REPUBLIKA.CO.ID, JAKARTA - Perusahaan tambang asing asal Inggris, Churchill Mining menggugat pemerintah Indonesia. Terkait hal itu, Kejaksaan Agung (Kejagung) selaku Jaksa Pengacara Negara (JPN) mengaku masih menunggu Surat Keputusan Khusus (SKK) Presiden.
Namun, Kejagung mengaku siap jika ditugaskan untuk membebaskan Indonesia dari ancaman denda sebesar 2 militar dolar AS. "Sampai saat ini kami belum menerima SKK," jelas Jaksa Agung Muda Perdata dan Tata Usaha Negara, ST Burhanudin, di Jakarta, Jumat (6/7).
Dia menyatakan permasalahan ini masih diurus Jaksa Agung dengan Presiden. Pihaknya hanya menunggu perintah dan langkah-langkah yang harus ditempuh sesuai komando dari Jaksa Agung.

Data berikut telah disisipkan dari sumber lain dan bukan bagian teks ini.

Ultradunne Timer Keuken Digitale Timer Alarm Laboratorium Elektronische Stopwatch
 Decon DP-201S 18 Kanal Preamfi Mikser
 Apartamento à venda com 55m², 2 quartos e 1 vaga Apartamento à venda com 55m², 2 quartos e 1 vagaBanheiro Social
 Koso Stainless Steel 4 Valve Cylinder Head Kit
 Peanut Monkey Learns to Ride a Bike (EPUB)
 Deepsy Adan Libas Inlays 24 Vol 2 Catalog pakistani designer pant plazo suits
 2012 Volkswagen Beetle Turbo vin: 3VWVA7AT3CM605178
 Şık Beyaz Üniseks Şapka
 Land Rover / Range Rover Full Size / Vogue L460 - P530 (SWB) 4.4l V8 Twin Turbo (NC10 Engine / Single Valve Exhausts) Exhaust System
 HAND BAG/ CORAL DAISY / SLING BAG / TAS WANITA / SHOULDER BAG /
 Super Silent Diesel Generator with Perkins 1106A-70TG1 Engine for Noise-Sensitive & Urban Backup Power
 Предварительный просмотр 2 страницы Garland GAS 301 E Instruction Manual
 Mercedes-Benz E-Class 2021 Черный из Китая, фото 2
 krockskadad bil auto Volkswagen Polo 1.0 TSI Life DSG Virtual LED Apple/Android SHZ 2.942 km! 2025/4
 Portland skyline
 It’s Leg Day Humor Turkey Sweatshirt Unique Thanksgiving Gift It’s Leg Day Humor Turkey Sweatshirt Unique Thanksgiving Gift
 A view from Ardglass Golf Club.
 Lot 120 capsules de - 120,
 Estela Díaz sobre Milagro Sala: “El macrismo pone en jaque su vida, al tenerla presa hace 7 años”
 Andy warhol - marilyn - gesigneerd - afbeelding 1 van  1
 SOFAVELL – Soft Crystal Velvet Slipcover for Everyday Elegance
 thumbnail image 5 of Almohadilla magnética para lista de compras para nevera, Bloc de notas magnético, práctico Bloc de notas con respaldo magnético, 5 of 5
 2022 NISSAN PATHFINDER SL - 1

Pemerintah belum mengeluarkan Surat Kuasa Khusus (SKK) kepada Kejaksaan Agung untuk menjadi jaksa pengacara negara (JPN) dalam menghadapi gugatan arbitrase perusahaan tambang Churcill Mining di International Centre for Settlement of Investment Disputed (ICSID).
Churcill merupakan perusahaan tambang dari Inggris yang mengeksplorasi batu bara sejak tahun 2008 di daerah Kutai Kartanegara, Kalimantan Timur.
Perusahaan yang listing di bursa Inggris sejak 2005 itu menggugat pemerintah pada 22 Mei 2012 lalu. Dalam gugatannya, Churcill menyebut Pemerintah Provinsi Kaltim menyita aset miliknya tanpa kompensasi yang layak. Alasannya, tempat eksplorasi Churcill berada di hutan produksi dan tidak memiliki izin eksplorasi Menteri Kehutanan di kawasan itu.
Letak kasus antara perusahaan pertambangan asing dengan pemerintah Indonesia itu berada di Kabupaten Kutai Kartanegara, Kalimantan Timur.
Churcill menilai ada alasan kuat mengapa harus lakukan tindakan yang diadukan. Tapi versi Churchill Mining, mereka menganggap diri mereka yang benar. Lalu dibawalah ke pengadilan internasional untuk sebuah arbitrase.
Churchill Mining Plc, mengadukan Bupati Kutai Timur, Presiden Republik Indonesia, Kementerian Luar Negeri, Kementerian ESDM, dan BKPN. Gugatan diajukan terkait dengan pencabutan izin Kuasa Pertambangan empat perusahaan yang diklaim sebagai milik Churchill Mining Plc. Churcill menuntut Republik Indonesia sebesar US$2 miliar.